How much data is necessary to train a computer to automate tasks in language documentation with reasonable reliability?

That's a good question. There will probably never be a definite, measurable answer. Too many factors are involved. Normally, natural language processing/computational linguistics algorithms are trained on hundreds of thousands or millions of words! The rule of thumb is that the more pre-annotated data a model trains on, the better its results. However, researchers are exploring techniques to improve results when training data is limited to thousands or even hundreds of words. I have seen over 90% accuracy reached with as little as 3000 words to train the model. But a whole lot depends on how consistently the linguists annotated the words!

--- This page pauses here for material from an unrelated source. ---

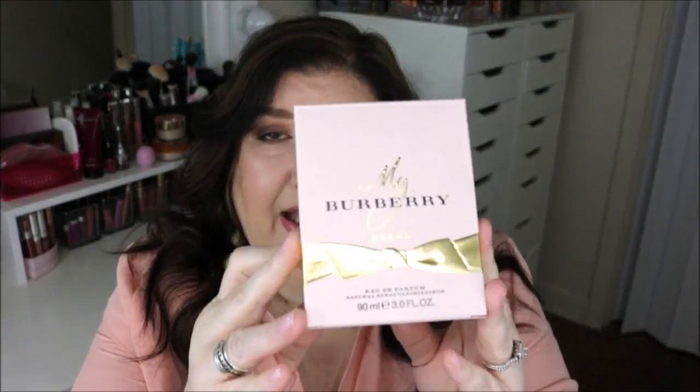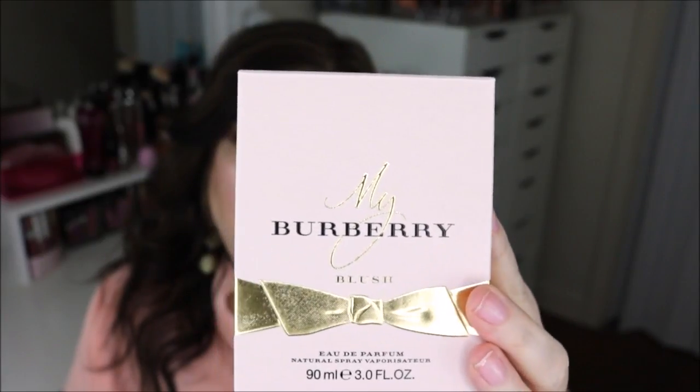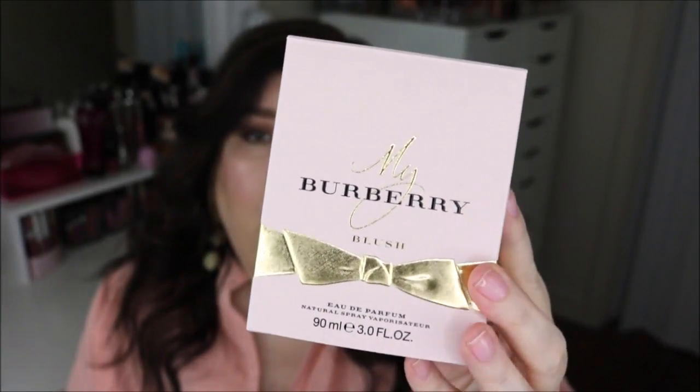This is the actual outer packaging of My Burberry Blush perfume. This is the Eau de Parfum, the three-point fluid ounce which is 90 mils, and it has Burberry on the top. Just a really pretty blush color packaging with the gold ribbon going all the way around — really pretty. I think it's kind of an elegant looking box. Let's go ahead and see what's inside.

Instead of attacking the question of "how much data" directly, better questions might be:

Can we achieve results that accelerate a linguist's work?
Can we achieve useful results with models trained on the resources produced by typical field projects, in language documentation and description?
Human-in-the-loop systems create a virtuous cycle of computer and human interaction, could this interaction improve language documentation tasks?
What techniques or pieces of information (computational or linguistic) improve results most dramatically?

The closest answers I've seen to these questions are in Paul Felt's MA thesis where a machine model did automatic prediction and then humans annotators corrected those predictions. The annotators' accuracy and speed started to improve when the model's predictions passed the threshold of 60% accuracy, compared to doing annotation with no help from the model.

What accuracy can a computer achieve when processing language documentation data?

That is almost impossible to answer without knowing what task you want to perform, so I'll talk generally about how we can improve accuracy with limited hand-annotated data. Keep in mind that most computational models train on thousands or millions of words. With this amount of pre-processed data, the models can achieve up to 97% or sometimes even 99% accuracy at tasks like part-of-speech tagging. The amount of annotated data available for most languages is not nearly enough to achieve that without some clever techniques. One technique is data augmentation or data "hallucination". This increases data by automatically creating words that may not actually exist in the language but adhere to its rules. For example, taking an adjective "capable" and attaching a nominalizing sufix "-ness" gives "capableness". This may not be a real English word but it follows English rules of morphology and phonology. Another technique is called human-in-the-loop (or active learning). This is a virtuous cycle that trains a computational model and then humans correct the model's worst errors. The model is then re-trained with those corrections. Hopefully, this second iteration of training greatly improves results. I believe this cycle of analyzing and annotating a small amount of data, training, predicting, correcting, and re-training a model will someday be a vital part of documentary and descriptive linguistic research. Perhaps models trained this way will achieve 99% accuracy without millions of words!

What programming languages do computational linguists use?

Python. Python has a number of code libraries, or packages, specifically for machine learning. Machine learning is a big part of computational linguistics and other fields in AI. Python is one of the easiest programming languages to learn, but once you’ve learned basic programming concepts in another language, it's easy to learn a second language.

I would like to recruit tech-savvy people to my language project. Do you have any recommendations?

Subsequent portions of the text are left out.